21 Mart 2016 Pazartesi

MERCAN YURDAKULER ULUENGİN İLE ZEHİRSİZ EV ÜZERİNE SÖYLEŞİ*


Mercan Yurdakuler Uluengin’i, Buğday Ekolojik Yaşamı Destekleme Derneği’nin düzenlediği “Gerçek Temizlik” eğitimlerinden ve bildiklerini, öğrendiklerini paylaştığı “Zehirsiz Ev” adlı web sitesinden tanıyoruz. Takipçileri olarak bloğunda 4 yıldır paylaştıklarının neredeyse bir kitap bütünlüğüne ulaştığını düşünüyorduk ki Zehirsiz Ev kitabının müjdesi geldi. Mercan ile Modus Kitap’tan yayımlanan Zehirsiz Ev kitabı ve çevirdiği çocuk kitapları üzerine keyifli bir söyleşi yaptık.
 

Mercan, Zehirsiz Ev yayımlandı. Tebrik ederim. Okuru, kıymet bileni çok olsun. Kendi evini zehirsiz bir eve dönüştürme, bildiklerini paylaşma ve nihayetinde kitaplaşma süreci nasıl başladı, gelişti?

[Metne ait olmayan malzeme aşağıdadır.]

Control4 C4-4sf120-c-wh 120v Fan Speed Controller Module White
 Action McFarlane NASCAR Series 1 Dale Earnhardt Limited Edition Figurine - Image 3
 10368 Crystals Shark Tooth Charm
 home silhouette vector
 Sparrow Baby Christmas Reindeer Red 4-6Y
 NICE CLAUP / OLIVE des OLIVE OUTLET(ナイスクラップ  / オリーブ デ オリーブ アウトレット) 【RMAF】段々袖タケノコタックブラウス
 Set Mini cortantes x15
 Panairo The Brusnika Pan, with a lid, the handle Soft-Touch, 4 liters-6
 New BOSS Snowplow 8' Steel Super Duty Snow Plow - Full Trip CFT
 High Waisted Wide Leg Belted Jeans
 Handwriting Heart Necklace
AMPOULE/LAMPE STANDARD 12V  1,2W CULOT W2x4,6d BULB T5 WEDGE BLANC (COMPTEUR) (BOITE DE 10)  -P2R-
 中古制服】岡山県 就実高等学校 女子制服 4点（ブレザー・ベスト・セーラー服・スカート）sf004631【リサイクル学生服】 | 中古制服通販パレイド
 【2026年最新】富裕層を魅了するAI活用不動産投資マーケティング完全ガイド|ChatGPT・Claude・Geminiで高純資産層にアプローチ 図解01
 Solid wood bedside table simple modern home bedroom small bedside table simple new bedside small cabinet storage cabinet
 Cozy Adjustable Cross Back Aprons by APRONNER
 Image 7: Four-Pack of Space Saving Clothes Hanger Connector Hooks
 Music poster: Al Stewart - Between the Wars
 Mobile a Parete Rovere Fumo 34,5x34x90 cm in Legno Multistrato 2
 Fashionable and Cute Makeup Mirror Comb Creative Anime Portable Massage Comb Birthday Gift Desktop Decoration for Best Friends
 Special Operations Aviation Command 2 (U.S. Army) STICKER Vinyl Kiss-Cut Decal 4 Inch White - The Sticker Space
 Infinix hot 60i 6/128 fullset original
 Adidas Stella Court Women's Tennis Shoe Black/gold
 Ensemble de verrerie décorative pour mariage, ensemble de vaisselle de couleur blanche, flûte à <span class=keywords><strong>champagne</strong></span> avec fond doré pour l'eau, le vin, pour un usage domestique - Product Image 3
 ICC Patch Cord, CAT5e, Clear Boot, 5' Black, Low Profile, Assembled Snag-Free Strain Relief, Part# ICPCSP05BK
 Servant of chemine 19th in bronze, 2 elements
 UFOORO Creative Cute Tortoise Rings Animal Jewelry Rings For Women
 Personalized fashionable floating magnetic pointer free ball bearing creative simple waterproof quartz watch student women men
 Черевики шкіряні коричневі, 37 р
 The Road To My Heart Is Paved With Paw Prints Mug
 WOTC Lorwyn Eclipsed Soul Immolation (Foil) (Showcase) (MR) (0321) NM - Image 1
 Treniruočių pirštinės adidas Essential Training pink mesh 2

Çok teşekkürler, Tuğba. Aslında yola çıkarken aklımda ne blog ne de kitap vardı. Başta sadece sağda solda okuyup kendi kendime denediğim, kendi ihtiyaçlarıma uygun hâle getirip kullandığım temizlik ürünü tarifleri vardı. Anne olduktan sonra satın aldığım her şey gözüme fazla, içerik etiketleriyse fazla kalabalık gelmeye başlamıştı. Daha sade, daha doğal alternatifler çekiyordu beni. 5-6 yıl zarfında evde kullandığım ürünlerde epey bir dönüşüm oldu. Önüme gelene anlattığım bu tarifleri daha geniş paylaşıma açma fikri ancak ondan sonra aklıma geldi. İtiraf edeyim çok kısa bir süre “Keşke bir kitap hazırlasam,” diye geçti içimden. Ama ben kimdim ki? Hangi yayınevi durup dururken neden basmak istesindi böyle bir şeyi, insanlar neden satın alsındı? Tam o sırada eşim bir blog açmamı önerdi. Zehirsizev.com 4 yıl önce kuruldu. Siteyi açarken ne kadar takipçisi olacağına dair hiçbir fikrim yoktu. Zamanla okuyucularla çok güzel paylaşımlara zemin sağlayan, farkındalık artıran bir çeşit başvuru kaynağı çıktı ortaya. Sonra atölyeler, Buğday Derneği eğitimleri başladı. Zehirsiz Ev, bilgisayar ekranından dışarı taştı. Derken, artık kitap fikrini hatırlamadığım bir noktada, bir arkadaşım vasıtasıyla Modus Kitap’tan bir teklif geldi. Gönlümüzden samimiyetle geçirdiğimiz şeyler dönüp dolaşıp bir gün oluyor, buna çok inanıyorum. Ama ancak zamanı gelince...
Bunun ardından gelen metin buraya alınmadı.